═════ Data section

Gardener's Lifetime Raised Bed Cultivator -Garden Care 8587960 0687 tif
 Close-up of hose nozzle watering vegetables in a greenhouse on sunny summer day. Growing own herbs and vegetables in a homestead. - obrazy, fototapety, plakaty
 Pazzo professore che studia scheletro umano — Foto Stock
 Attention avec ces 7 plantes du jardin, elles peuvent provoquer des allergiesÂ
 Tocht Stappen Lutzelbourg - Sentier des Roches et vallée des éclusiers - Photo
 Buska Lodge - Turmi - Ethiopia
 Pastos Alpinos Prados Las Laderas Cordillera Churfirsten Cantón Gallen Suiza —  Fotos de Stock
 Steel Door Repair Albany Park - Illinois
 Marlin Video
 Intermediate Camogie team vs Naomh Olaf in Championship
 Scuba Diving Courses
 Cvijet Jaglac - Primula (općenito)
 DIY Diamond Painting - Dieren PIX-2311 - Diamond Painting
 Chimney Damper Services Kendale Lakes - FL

══════════

Reproduce nothing but the lines from the line containing "Pastos Alpinos Prados" to the last line of the data, each exactly as written.

Task output:
 Pastos Alpinos Prados Las Laderas Cordillera Churfirsten Cantón Gallen Suiza —  Fotos de Stock
 Steel Door Repair Albany Park - Illinois
 Marlin Video
 Intermediate Camogie team vs Naomh Olaf in Championship
 Scuba Diving Courses
 Cvijet Jaglac - Primula (općenito)
 DIY Diamond Painting - Dieren PIX-2311 - Diamond Painting
 Chimney Damper Services Kendale Lakes - FL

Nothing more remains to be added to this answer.